Mumsnet has not checked the qualifications of anyone posting here. If you need help urgently or expert advice, please see our domestic violence webguide and/or relationships webguide. Many Mumsnetters experiencing domestic abuse have found this thread helpful: Listen up, everybody

Am I selfish for ignoring my past

34 replies

Primecut · 24/10/2023 22:02

I don’t know what I am expecting but I just want to put my thoughts in writing. And I suspect this might be long, so apologies in advance. I am prone to overthinking and overreacting, and I think I lose common sense when I become emotional.

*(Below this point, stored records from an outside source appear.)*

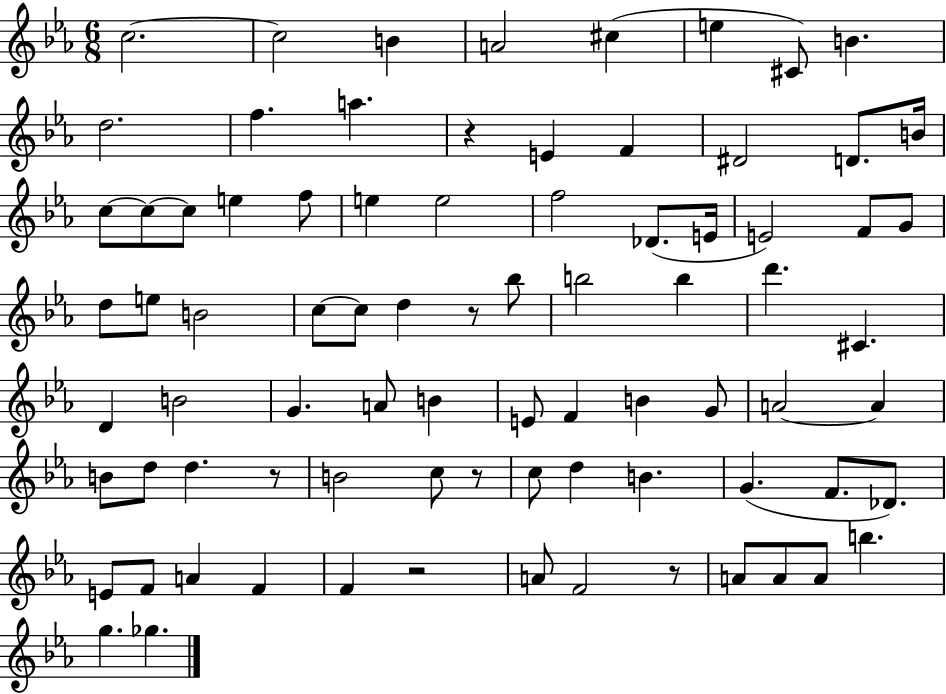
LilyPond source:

{
  \clef treble
  \numericTimeSignature
  \time 6/8
  \key ees \major
  c''2.~~ | c''2 b'4 | a'2 cis''4( | e''4 cis'8) b'4. | \break d''2. | f''4. a''4. | r4 e'4 f'4 | dis'2 d'8. b'16 | \break c''8~~ c''8~~ c''8 e''4 f''8 | e''4 e''2 | f''2 des'8.( e'16 | e'2) f'8 g'8 | \break d''8 e''8 b'2 | c''8~~ c''8 d''4 r8 bes''8 | b''2 b''4 | d'''4. cis'4. | \break d'4 b'2 | g'4. a'8 b'4 | e'8 f'4 b'4 g'8 | a'2~~ a'4 | \break b'8 d''8 d''4. r8 | b'2 c''8 r8 | c''8 d''4 b'4. | g'4.( f'8. des'8.) | \break e'8 f'8 a'4 f'4 | f'4 r2 | a'8 f'2 r8 | a'8 a'8 a'8 b''4. | \break g''4. ges''4. | \bar "|."
}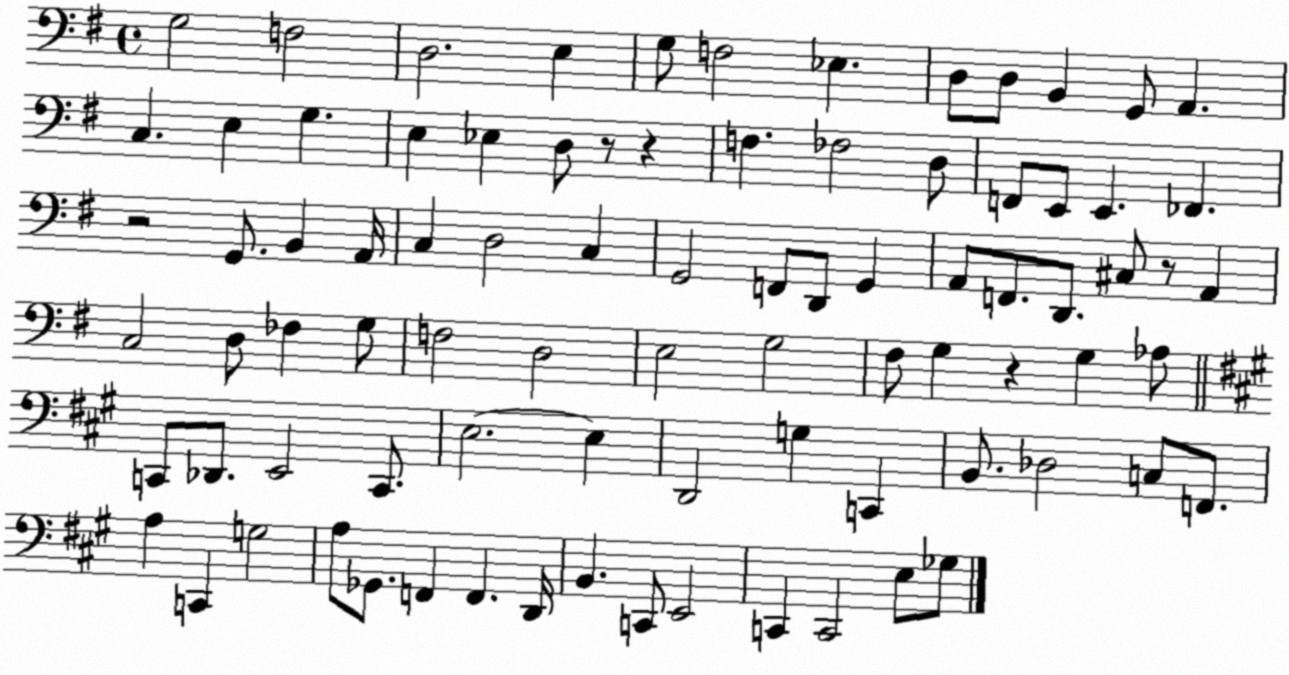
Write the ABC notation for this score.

X:1
T:Untitled
M:4/4
L:1/4
K:G
G,2 F,2 D,2 E, G,/2 F,2 _E, D,/2 D,/2 B,, G,,/2 A,, C, E, G, E, _E, D,/2 z/2 z F, _F,2 D,/2 F,,/2 E,,/2 E,, _F,, z2 G,,/2 B,, A,,/4 C, D,2 C, G,,2 F,,/2 D,,/2 G,, A,,/2 F,,/2 D,,/2 ^C,/2 z/2 A,, C,2 D,/2 _F, G,/2 F,2 D,2 E,2 G,2 ^F,/2 G, z G, _A,/2 C,,/2 _D,,/2 E,,2 C,,/2 E,2 E, D,,2 G, C,, B,,/2 _D,2 C,/2 F,,/2 A, C,, G,2 A,/2 _G,,/2 F,, F,, D,,/4 B,, C,,/2 E,,2 C,, C,,2 E,/2 _G,/2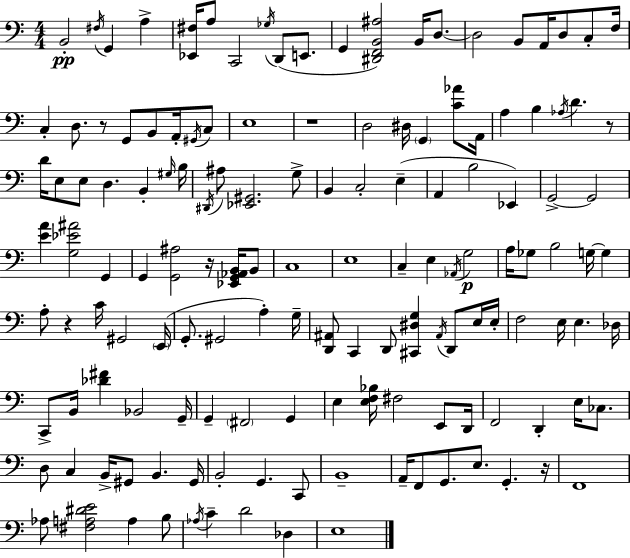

I grew up in a dysfunctional family, which I didn’t recognise as such at the time. I knew that my parents were a mess, but it was only later that I even understood the level of dysfunction and alcoholism, and how it affected them. Things improved so much when I met my first boyfriend who became the only stable element in my life, and we were a couple for almost 3 years. I felt safe and cared for. He was much older than me, and my parents know but were ok with it. Our relationship came to an end abruptly, and at this point I was really lost, but I got the chance to move abroad to stay with a relative who had been aware of my home situation. At this stage my life really changed, and I somehow had an entirely new start, though I also had to deal with my past which wasn’t the easiest thing but I had no choice. The one “thing” I probably never really dealt with was my ex, and I am somewhat aware of this myself. I looked for him, and the only presence I find is on a job network. I don’t know if he ever looked for me.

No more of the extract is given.